Pictures excluded, reproduce exactly the lines below from the one with "Majestic Hall Bread" through the one with "Preview for 14", both included.

### [Source records]
'''
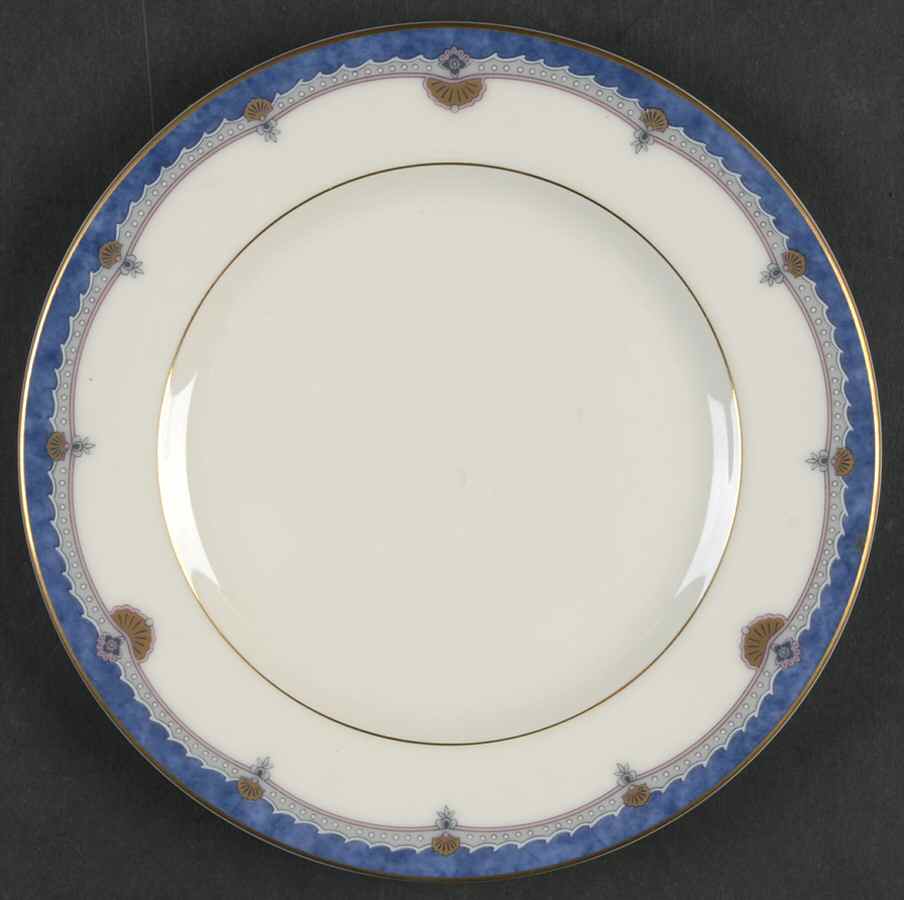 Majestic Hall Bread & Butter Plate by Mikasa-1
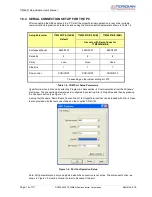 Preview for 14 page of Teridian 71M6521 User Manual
'''
'''
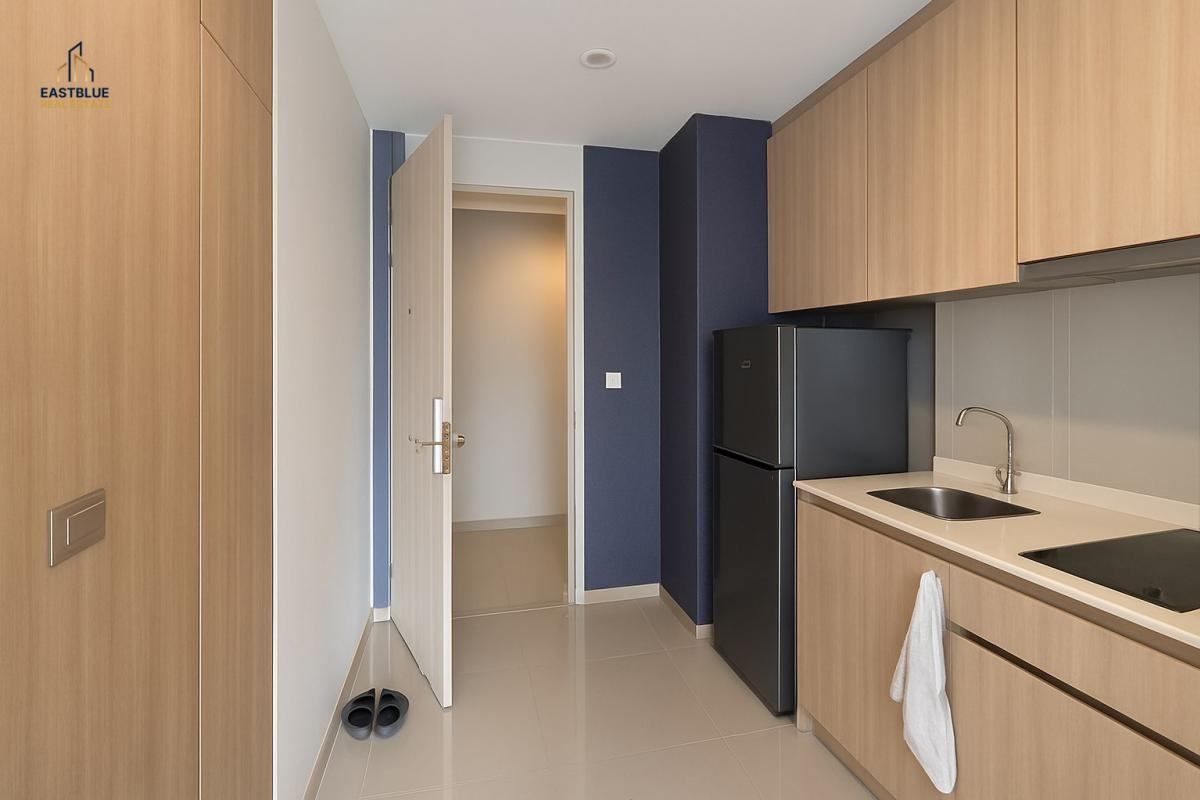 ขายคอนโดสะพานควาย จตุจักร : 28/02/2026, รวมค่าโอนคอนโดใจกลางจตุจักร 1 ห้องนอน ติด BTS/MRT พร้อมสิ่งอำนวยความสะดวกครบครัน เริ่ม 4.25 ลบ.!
'''
### [Solution to this problem]
 Majestic Hall Bread & Butter Plate by Mikasa-1
 Preview for 14 page of Teridian 71M6521 User Manual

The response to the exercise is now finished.